WHAT YOU HAVE TO DO
For the material below, reproduce exactly each line from the one that has "CHARLES AZNAVOUR" through the one that has "Adapter SAMSUNG EPL-1PLR", and no others; pictures stay out.

INFORMATION SUPPLIED
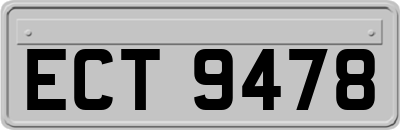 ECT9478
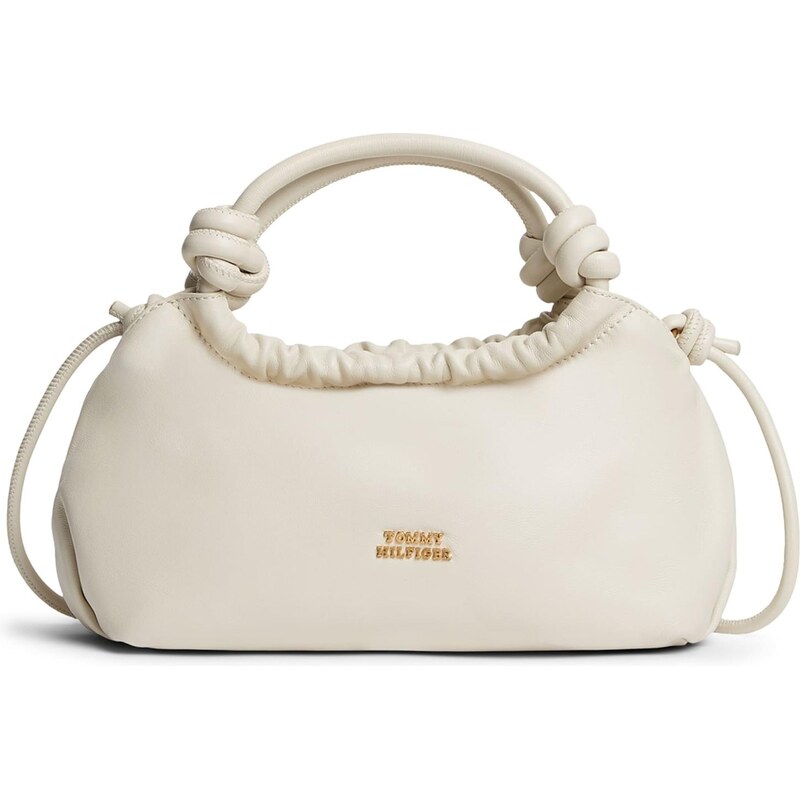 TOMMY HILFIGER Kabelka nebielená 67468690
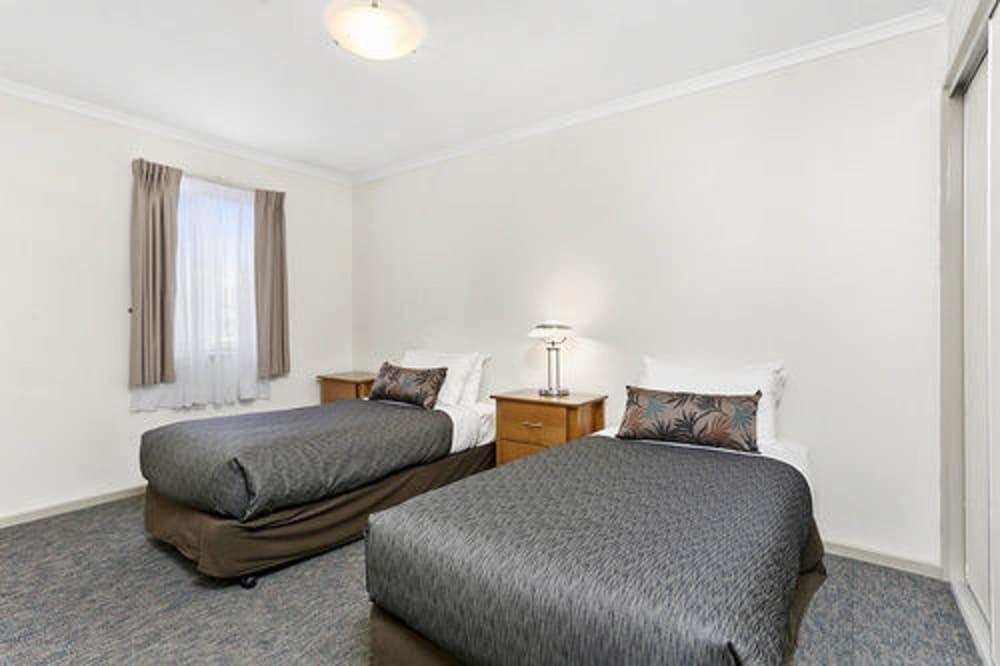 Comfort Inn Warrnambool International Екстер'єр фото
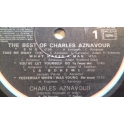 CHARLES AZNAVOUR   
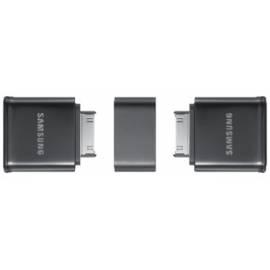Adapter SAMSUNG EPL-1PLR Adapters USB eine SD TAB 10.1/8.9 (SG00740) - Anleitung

* * *

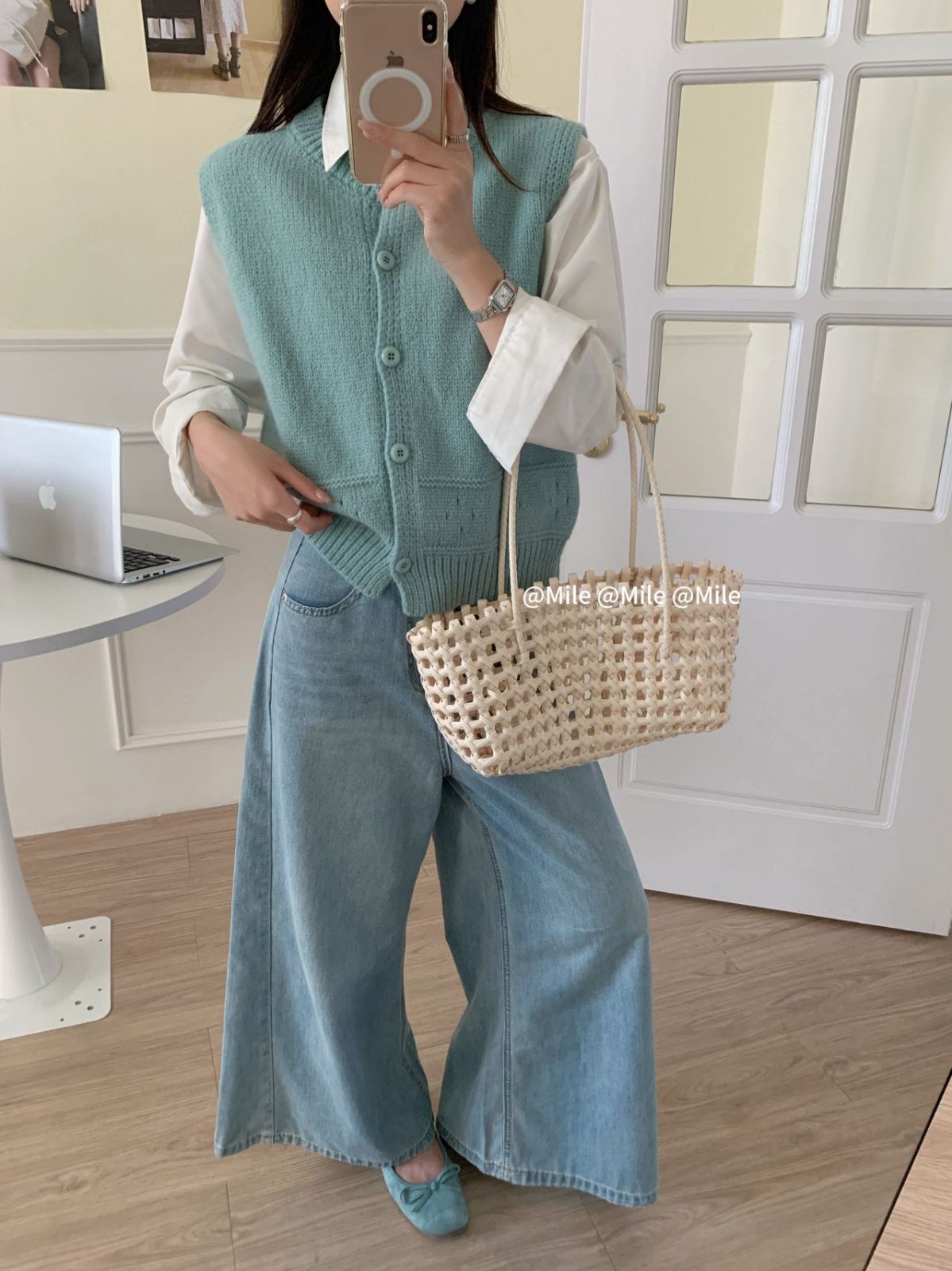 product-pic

EXERCISE RESPONSE
 CHARLES AZNAVOUR   
Adapter SAMSUNG EPL-1PLR Adapters USB eine SD TAB 10.1/8.9 (SG00740) - Anleitung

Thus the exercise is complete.